If we use the Dynamic alerts, should we turn off the Static ones since one doesn't seem to override the other?  Should the Dynamic expected range know that the morning spike is going to happen or is that not how dynamic thresholds work?  We rarely use them because we just don't get how to use them properly even after reading all the KBs and such.

Any ideas, opinions, etc would be great.

  • Rather then use a scheduled SDT, you can setup static threshold that change depending on the time of day. For example you can override the 24-hour standard threshold so that between ~5-10am the thresholds are higher. For example (untested):

    I haven't used dynamic thresholds much myself either.

    • Kelemvor's avatar
      Kelemvor
      Icon for Expert rankExpert

      Yeah.  That would basically turn off alerting instead of just suppressing the notifications so that'd probably be a better idea.  It always starts at the same time.  Too bad it doesn't always end at the same time. ;)

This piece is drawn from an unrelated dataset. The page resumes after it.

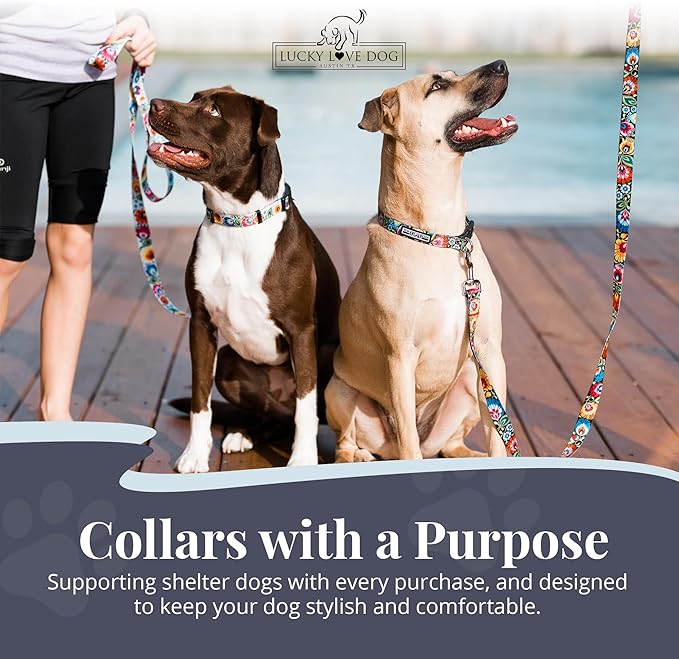 Lucky Love Dog - Adjustable Dog Collar with Easy Click Buckle for Small to Large Ones, Durable, & Comfortable for Male & Female Dogs, Pet Collar for Puppies & Adult Dogs - Ladybird, Medium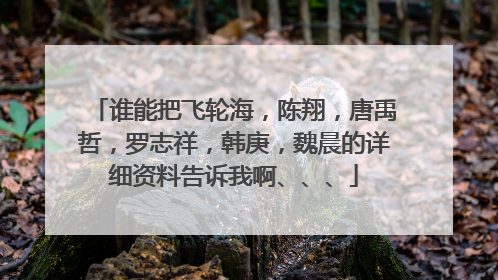 谁能把飞轮海，陈翔，唐禹哲，罗志祥，韩庚，魏晨的详细资料告诉我啊、、、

  • We have used both together. For something like CPU Utilization, I would have the dynamic threshold ignore the bottom band. Generally you don't care if something is using "less" in this case (sometimes you do care tho of course).

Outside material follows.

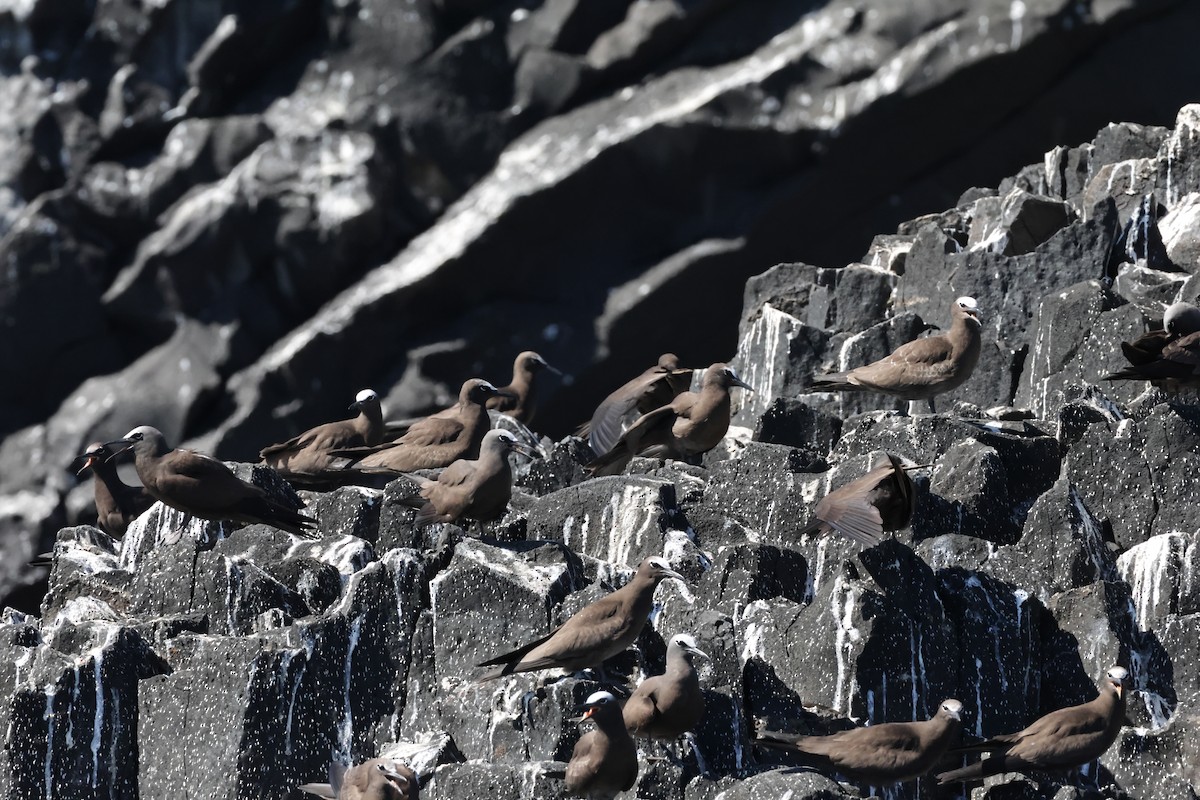 Brown Noddy - ML639855497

    We then have our static threshold set, but have it a little higher then we normally would. That way if the utilization slowly creeps up, it will still trigger an alarm after a bit.

    • Kelemvor's avatar
      Kelemvor
      Icon for Expert rankExpert

      Yes, we don't care about anything below the band, just above.  The issue I have is that every weekday, at 5AM, the CPU spikes up to 100%.  We know it's going to happen.  Since it happens every weekday, if LM really "Learned" what was normal for a server, it should put that gray area at 100% right at 5AM.  According to the screenshot above, that's not happening.  It's waiting for the CPU to spike up and is then moving the bar up to compensate.  That doesn't help us because this isn't a gradual increase.  It's 0% one minute and 99% the next.

      We thought the whole point of Dynamic is they are supposed to look at the server and learn it's behavior over time.  This doesn't seem to actually work or something is wrong.